#### TASK DIRECTIONS
Using the records that follow, reproduce exactly the lines starting at the line containing "Usado VW T-Roc" and ending at the line containing "Sc9549 RK Cargo Bootcut Jeans Waist 30". Include both end lines and no pictures.

#### DATA FOR REVIEW
· · · · ·

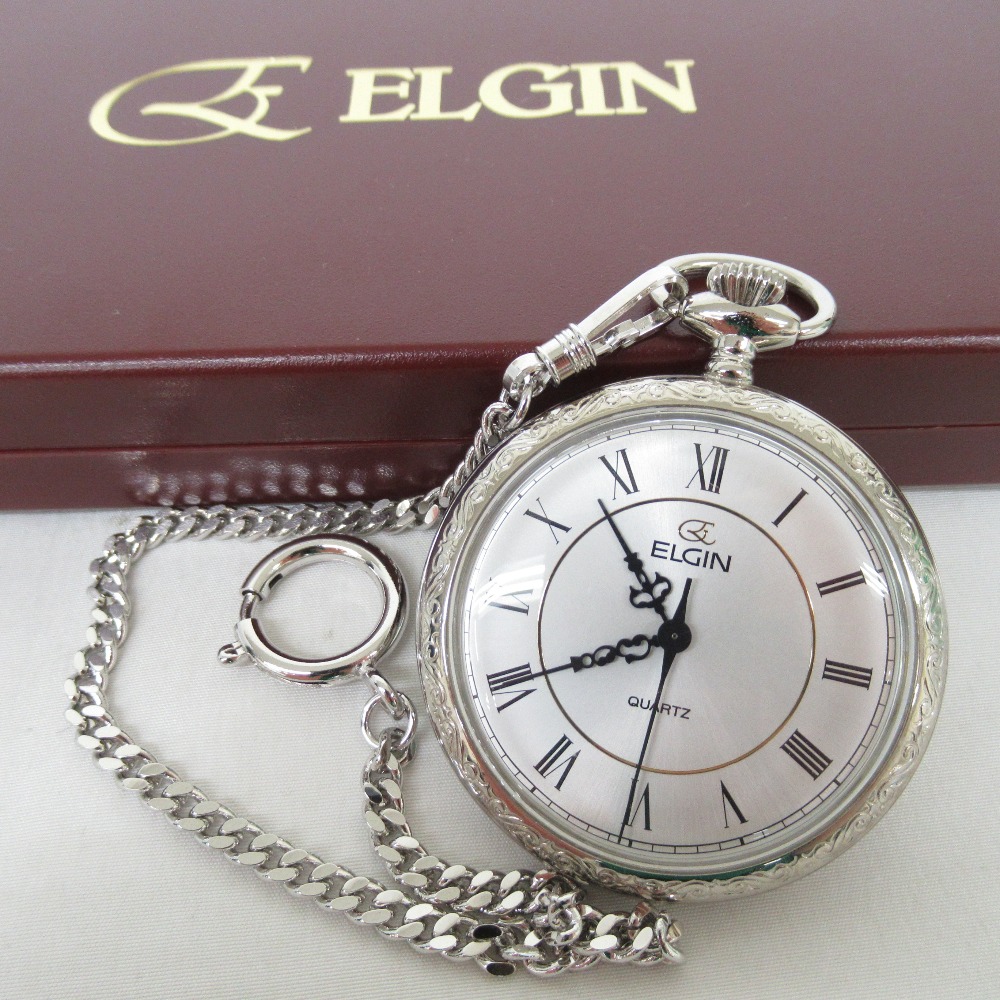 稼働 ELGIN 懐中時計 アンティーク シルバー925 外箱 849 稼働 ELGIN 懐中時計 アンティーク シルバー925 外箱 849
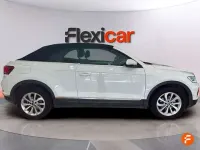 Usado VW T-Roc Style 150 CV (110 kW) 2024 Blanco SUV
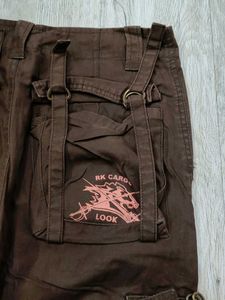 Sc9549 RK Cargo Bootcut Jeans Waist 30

· · · · ·

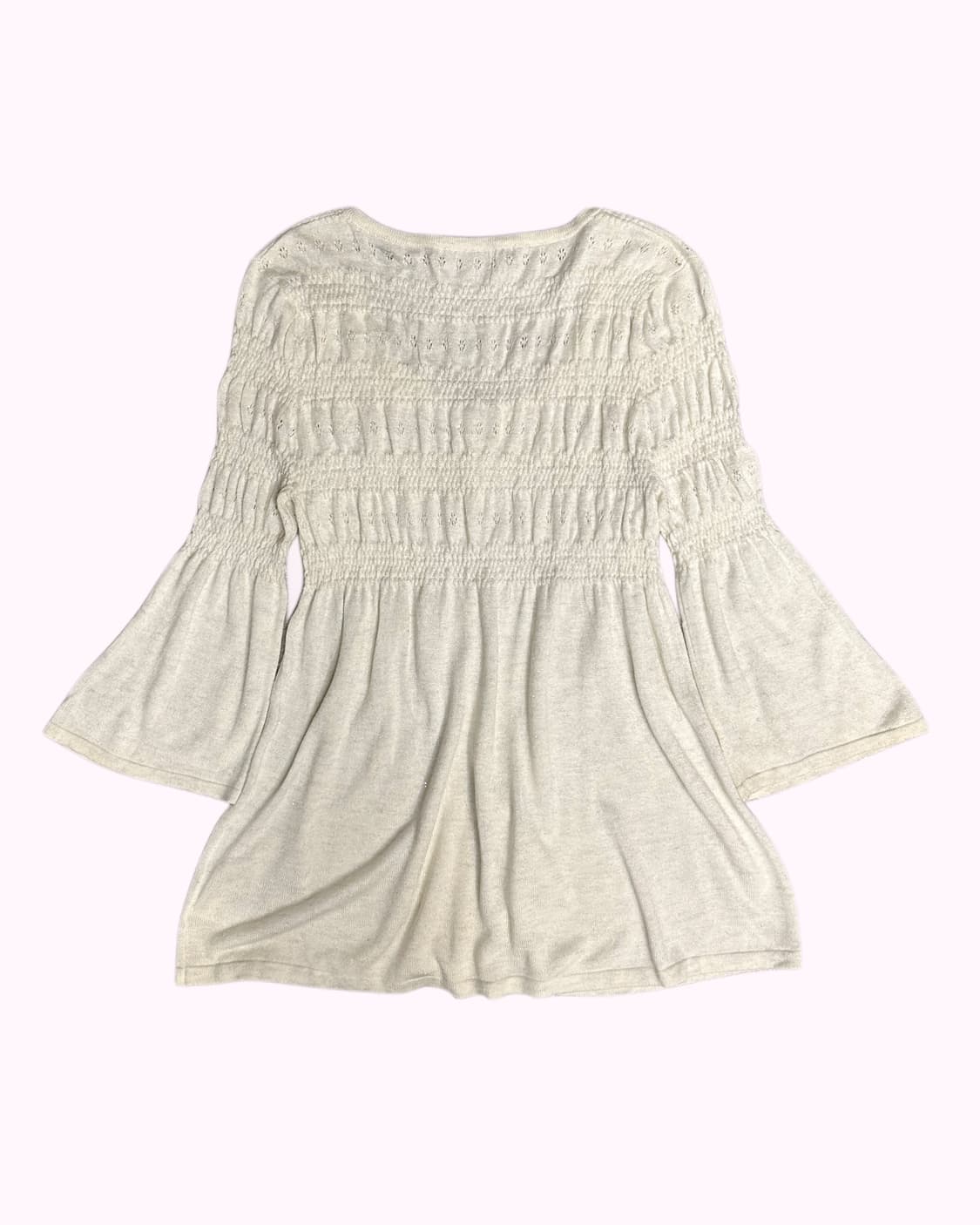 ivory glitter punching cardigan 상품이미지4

· · · · ·

#### ANSWER FOR THIS EXERCISE
 Usado VW T-Roc Style 150 CV (110 kW) 2024 Blanco SUV
 Sc9549 RK Cargo Bootcut Jeans Waist 30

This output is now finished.